Nor is youth a problem. Swamplandia! has had fantastic reviews, and one-hit wonders are no more the exception for authors than for rock bands. Take Harper Lee, who won with To Kill a Mockingbird in 1961, when she was only five years older than Karen Russell. It was her first and only book, yet is indubitably a masterpiece. And if short doesn't cut the mustard, remember that when Ernest Hemingway finally won, it was for The Old Man and the Sea, all of 127 pages long, in 1953. But the Pulitzers are not infallible. Genius does not come along every year, and sometimes it is overlooked. Like Harper Lee, J D Salinger was a one-hit wonder, yet The Catcher in the Rye, published in 1951 and a "great American novel" if ever there was one, didn't win the Pulitzer.

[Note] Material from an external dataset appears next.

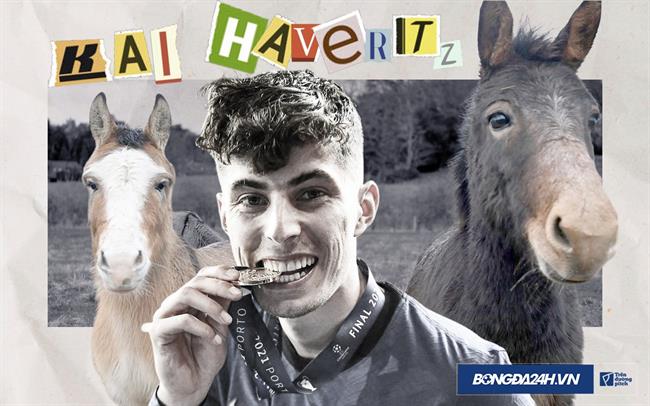 Kai Havertz: “Tôi thấy có mối liên hệ đặc biệt với những chú lừa”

The prize went to Herman Wouk's The Caine Mutiny, a worthy enough winner, but lacking the defining quality of Salinger.

The most glaring omission of all has to be The Great Gatsby, widely accepted as the finest American novel of the 20th century. But the fiction Pulitzer for that year, 1925, went to Arrowsmith by Sinclair Lewis, who later became the first American Nobel laureate for literature.

Lewis's special distinction, however, is that he turned down the honour. All prizes were dangerous, he wrote, and especially the Pulitzer one for fiction, where novels were judged not on merit, "but in obedience to whatever code of Good Form may chance to be popular at the moment". In other words, not unlike the Oscars. Maybe our three spurned finalists have dodged a bullet after all.